A win and his playoff aspirations will still have life -- though remote. Anything less and it might be time for Hamlin to consider looking ahead to 2014.
The defending champ needs a spark
If the Chase were to begin this weekend, the defending Sprint Cup champion would not qualify, as Brad Keselowski is presently winless and 13th in points.
But a record-breaking run in qualifying gave Keselowski his first pole position in over two years. More importantly on a circuit where track position is vital, this might be the boost he needs to end a slump that has seen him post just a single top 10 in his last 10 starts.
While a win would do wonders for Keselowski Sunday, it isn't essential. More than anything what he needs to do is leave New Hampshire with a top-five result.
Can Johnson come from the back?
In the past six weeks Jimmie Johnson has overpowered the competition with two wins and has remarkably led 43.5 percent of all laps run. And without mistakes in strategy and execution, he could easily have won five of the six races.
By all appearances that dominance looked to continue this weekend when Johnson laid down the second-fastest lap in qualifying. But when NASCAR officials discovered that the 48 car was too low in inspection, the points leader time was disallowed and thusly Johnson will have to start last in the 43-car field.
On a track where passing can be a challenge, this puts Johnson at a significant disadvantage -- though not an insurmountable one. Whether this will be enough to keep him out of Victory Lane for the third time in six weeks remains to be seen.
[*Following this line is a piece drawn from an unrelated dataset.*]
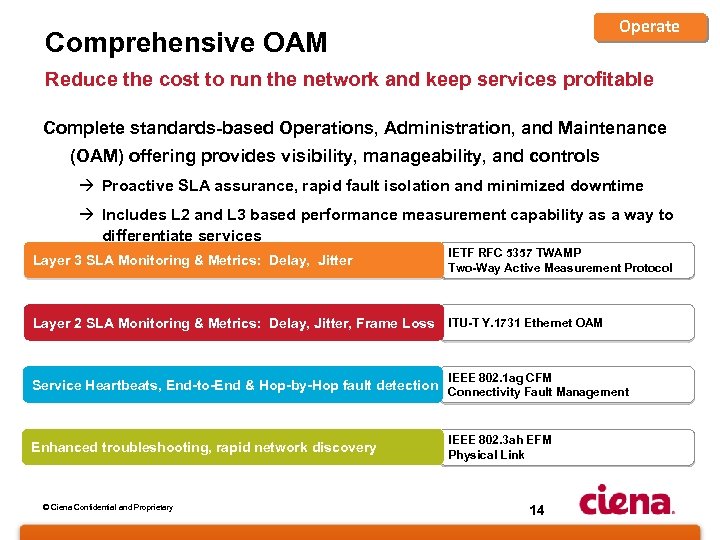 Operate Comprehensive OAM Reduce the cost to run the network and keep services profitable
But we do know that in the 36 New Hampshire races, six have been won by a driver starting 30th or worse.
- Repeat winners at New Hampshire are an uncommon sight lately, as the last 10 races have been won by 10 different drivers.
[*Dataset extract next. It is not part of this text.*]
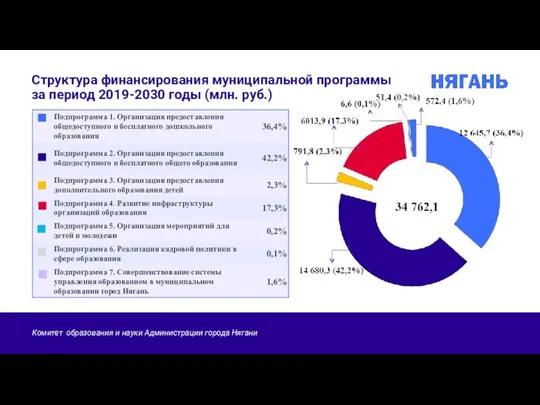 Структура финансирования муниципальной программы за период 2019-2030 годы (млн. руб.)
- Jeff Gordon hasn't won on the "Magic Mile" since 2004, but he leads all drivers in top fives (16), top 10s (21) and laps led (1,316) in 36 career starts.
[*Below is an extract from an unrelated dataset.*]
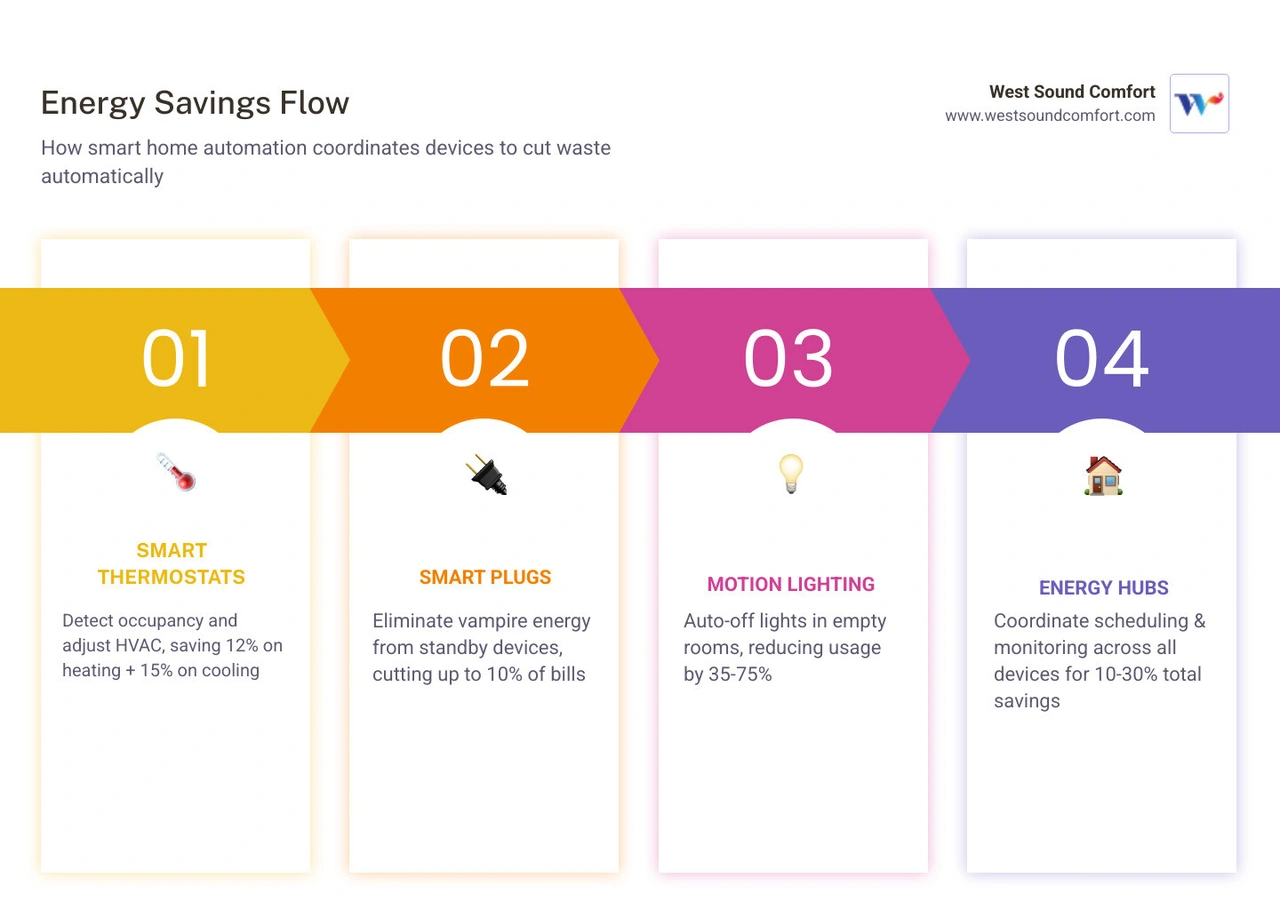Infographic showing the flow of energy savings in a smart home: thermostat, lighting, smart plugs, monitoring, and Infographic showing the flow of energy savings in a smart home: thermostat, lighting, smart plugs, monitoring, and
- Starting 41st, 71-year-old Morgan Shepherd will become the oldest driver to take the green flag in a Sprint Cup race.
1) Clint Bowyer
Sitting a quiet second in points, Bowyer is still in search of his first victory of the year. But that win could come here, a track where he's won twice previously and finished third and fourth a year ago. Not to mention the No. 15 car has been among the fastest in every practice and showed speed on the long runs. This is critical as events here tend to see prolonged stretches of green-flag racing.
2) Denny Hamlin
Although he may not be peaking as of late, no driver has a better average finish at New Hampshire than Denny Hamlin (7.9) and that can't be ignored. He should have won both races here a year ago and only miscommunication on his final pit stop kept him from completing the sweep.
3) Jimmie Johnson
If Johnson weren't starting dead last on a track where it's tough to pass, he would unquestionably be ranked higher. Alas, he's not. But as Hamlin proved here in the fall when he qualified 32nd and went on to win, a poor starting position can be overcome with a speedy car and astute pit strategy.
It's been a tumultuous week for Ryan Newman, who found out Wednesday he's losing his ride with Stewart-Haas Racing at the end of the year. But with three New Hampshire wins along with top 10s in six of the previous seven races here, he's more than a viable dark horse candidate.